Snow turns into icy rain as storm grounds Maritime flights



A passenger pushes a car in a parking lot in Halifax on Sunday. The storm is expected to dump up to 30 centimetres of snow on the region. Andrew Vaughan/Canadian Press

A passenger pushes a car in a parking lot in Halifax on Sunday. The storm is expected to dump up to 30 centimetres of snow on the region. Andrew Vaughan/Canadian Press

Parts of a winter storm hitting the Maritimes have turned to rain, creating black ice on the roads and sparking police requests for motorists to stay home. 

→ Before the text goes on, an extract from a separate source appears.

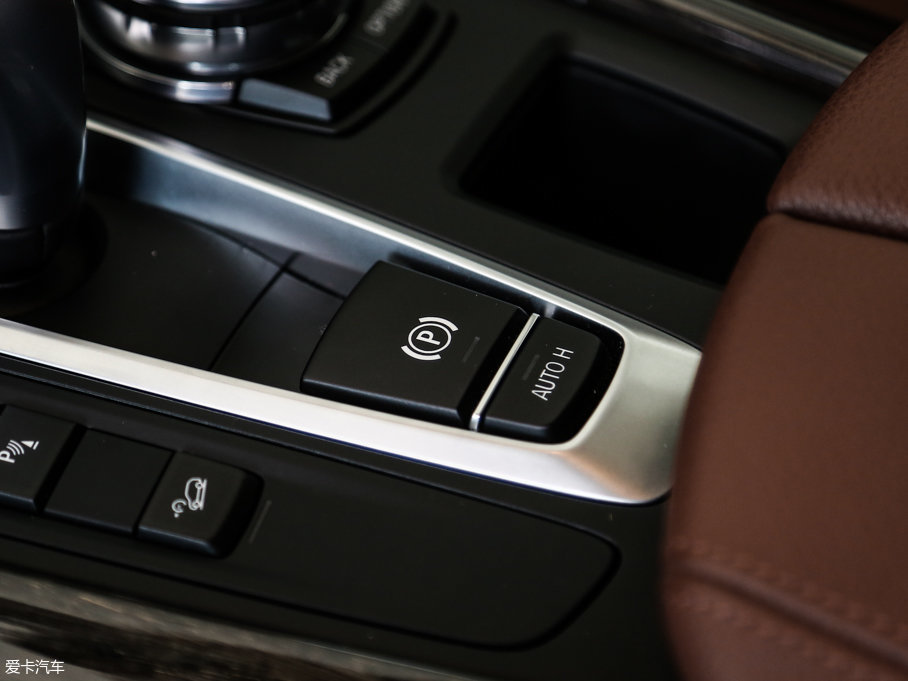 2014RX5(M) xDrive35i A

CBC meteorologist Kalin Mitchell created an unofficial tally of snowfall amounts as of 4:30 p.m Sunday: 

- 17 to 19 centimetres of snow in Nova Scotia.

- 15 to 22 centimetres in P.E.I.

- 22 centimetres in New Brunswick.

Mitchell said the snow is turning to rain in Nova Scotia, creating black ice on highways and roads. Temperatures are expected to fall below freezing overnight, leading to icy roads Monday.

New Brunswick and P.E.I. are still seeing snow falling.

Nova Scotia RCMP urged people to stay inside Sunday. 

"Driving conditions are poor. Motorists are encouraged to use caution. RCMP asking people to avoid driving if possible," @RCMPNS tweeted at 4:30 p.m.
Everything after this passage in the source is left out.